# EXERCISE INSTRUCTIONS
Retype nothing except the lines below from the one with "Liebherr R946LC - Hammer" through the one with "20k Gold Customized", exactly, with images left out.

# DATA SUPPLIED
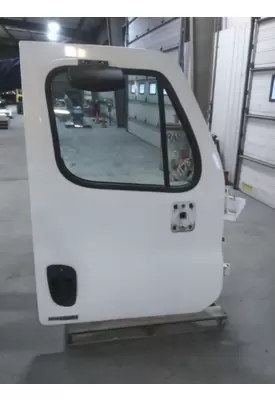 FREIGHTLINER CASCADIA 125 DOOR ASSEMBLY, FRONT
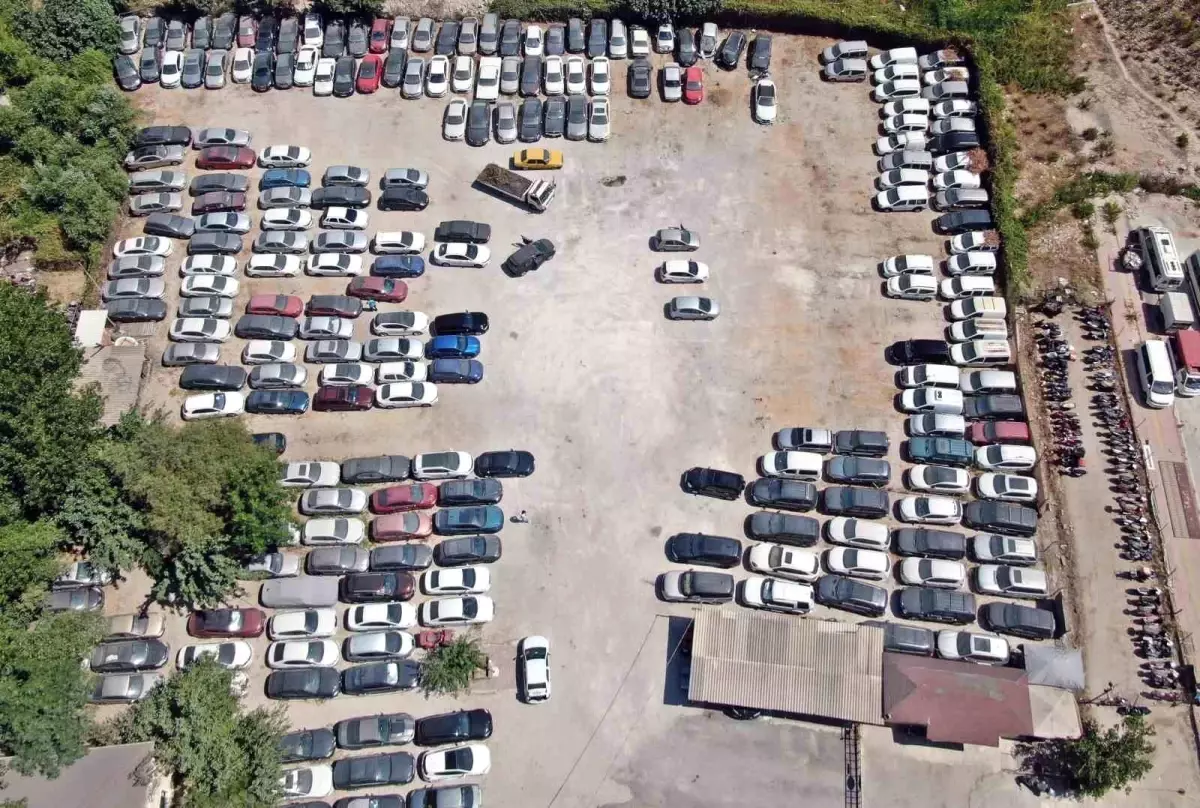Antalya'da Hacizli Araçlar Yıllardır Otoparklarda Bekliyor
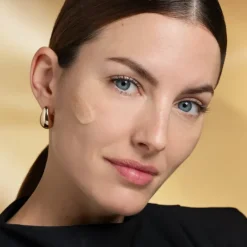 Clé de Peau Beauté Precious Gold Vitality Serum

==

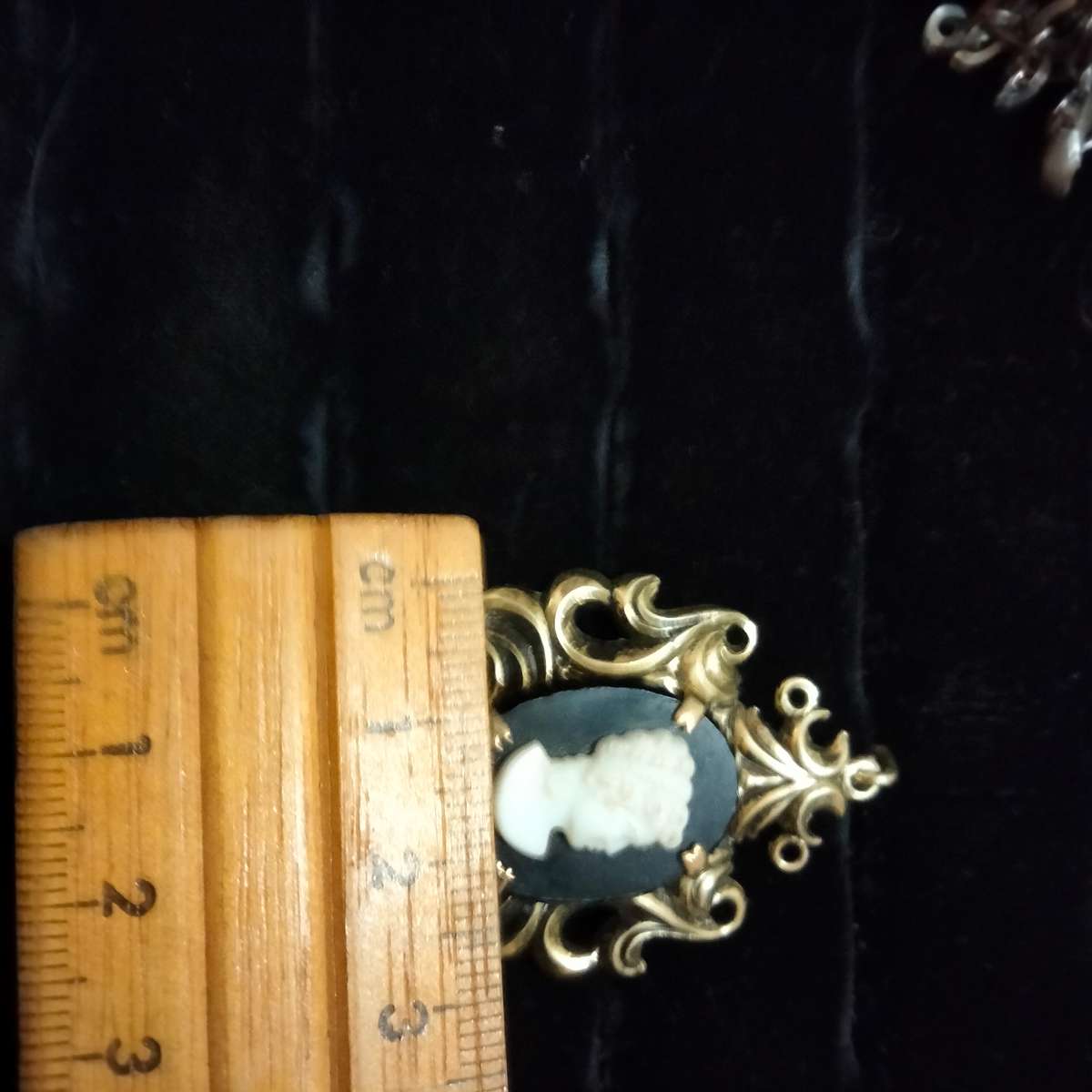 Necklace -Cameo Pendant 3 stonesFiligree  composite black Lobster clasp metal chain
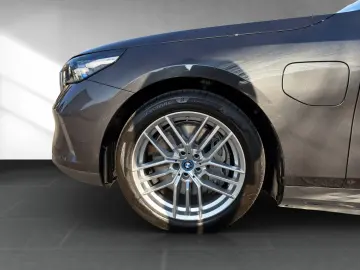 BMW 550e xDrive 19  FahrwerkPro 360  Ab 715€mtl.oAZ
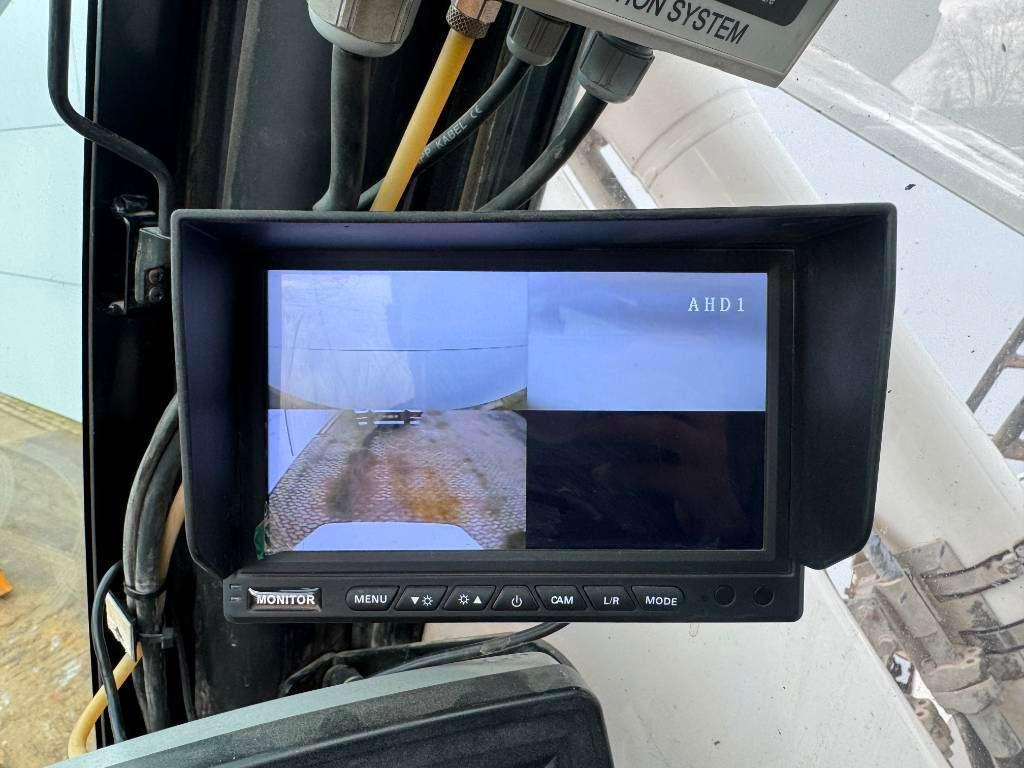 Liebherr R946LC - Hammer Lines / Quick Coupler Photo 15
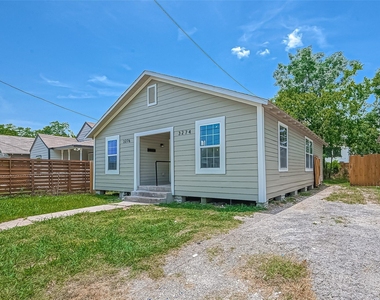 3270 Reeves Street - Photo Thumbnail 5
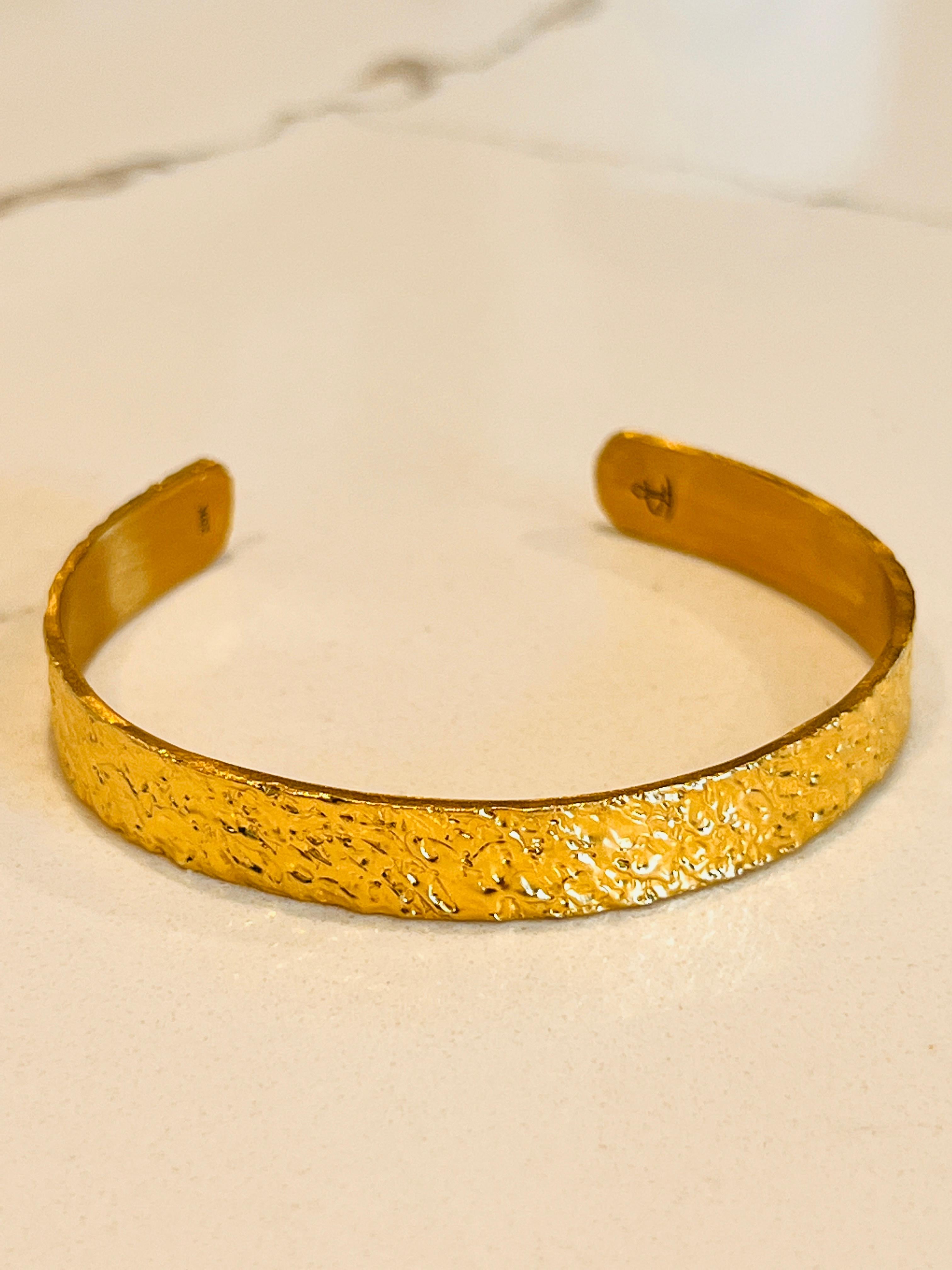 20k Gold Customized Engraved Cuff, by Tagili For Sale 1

# SOLVED EXERCISE
 Liebherr R946LC - Hammer Lines / Quick Coupler Photo 15
 3270 Reeves Street - Photo Thumbnail 5
 20k Gold Customized Engraved Cuff, by Tagili For Sale 1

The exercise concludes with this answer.